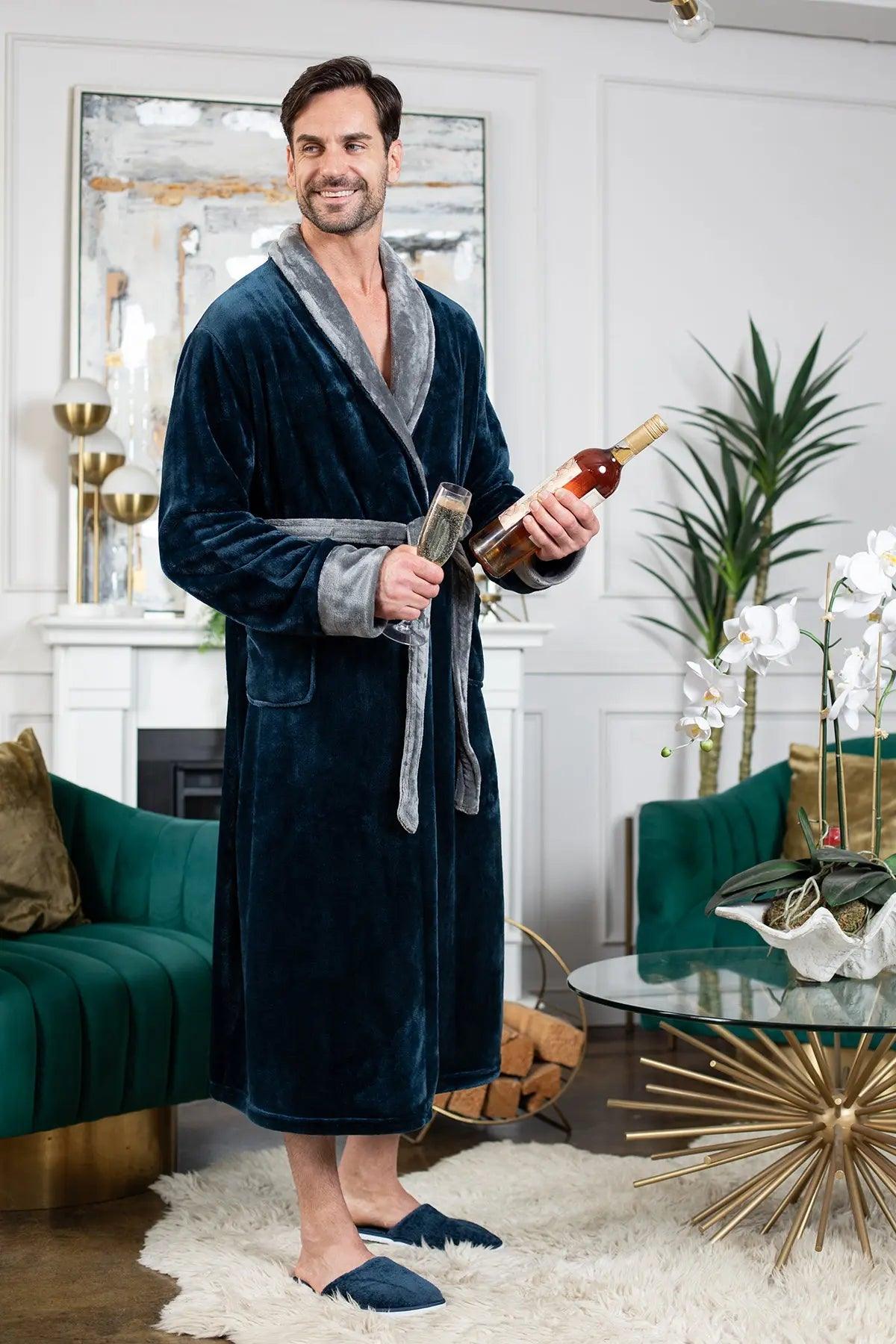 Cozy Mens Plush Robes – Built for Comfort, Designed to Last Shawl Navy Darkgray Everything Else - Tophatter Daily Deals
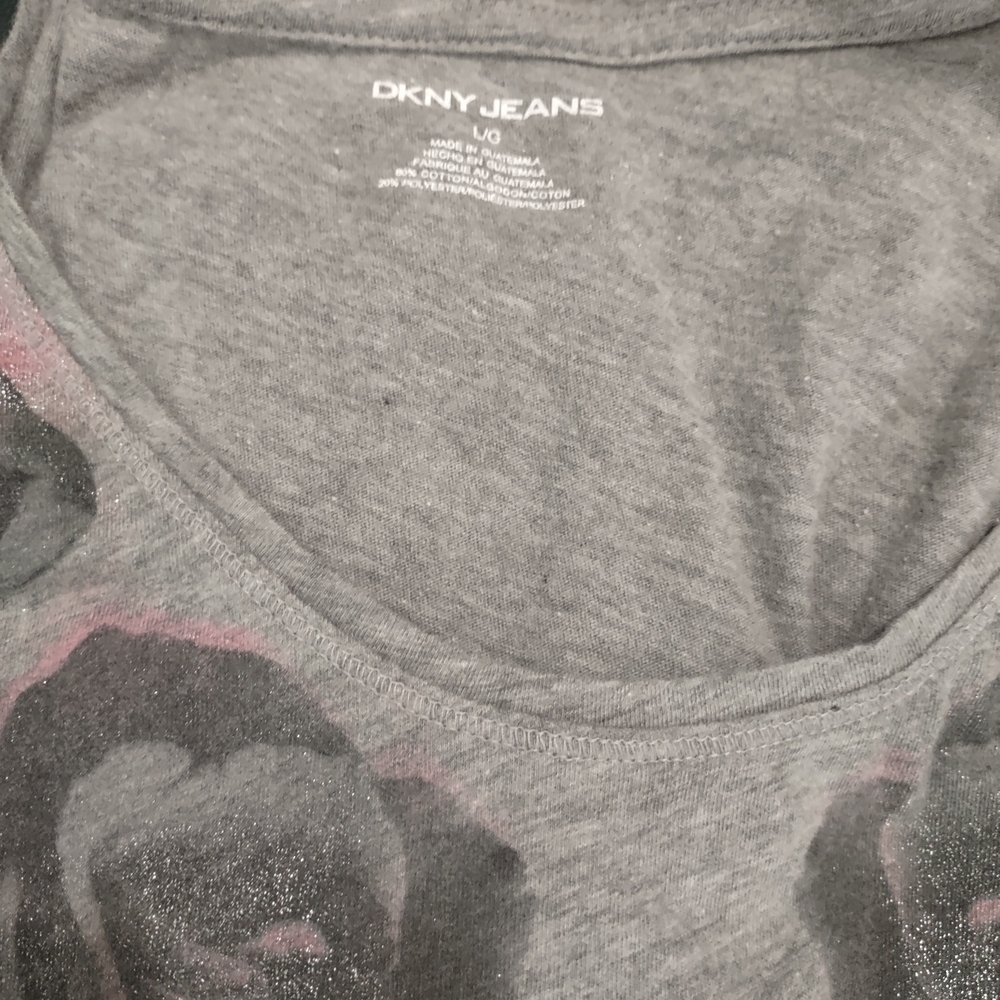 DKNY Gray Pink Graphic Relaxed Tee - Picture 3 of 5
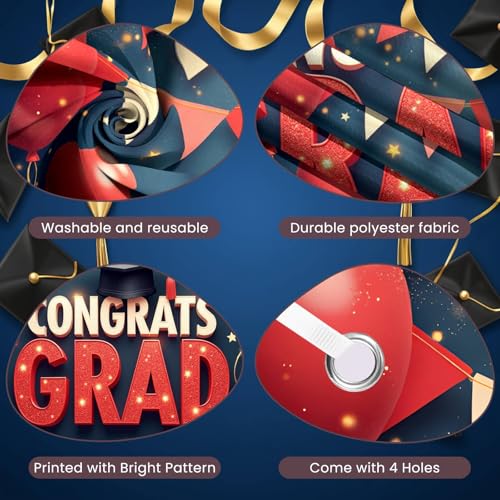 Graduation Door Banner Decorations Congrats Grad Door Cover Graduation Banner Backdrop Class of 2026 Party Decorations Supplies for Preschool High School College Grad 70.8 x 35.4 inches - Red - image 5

***

## EXERCISE
Output the listing above in full and exactly, with pictures excluded.

## EXPECTED OUTPUT
 Cozy Mens Plush Robes – Built for Comfort, Designed to Last Shawl Navy Darkgray Everything Else - Tophatter Daily Deals
 DKNY Gray Pink Graphic Relaxed Tee - Picture 3 of 5
 Graduation Door Banner Decorations Congrats Grad Door Cover Graduation Banner Backdrop Class of 2026 Party Decorations Supplies for Preschool High School College Grad 70.8 x 35.4 inches - Red - image 5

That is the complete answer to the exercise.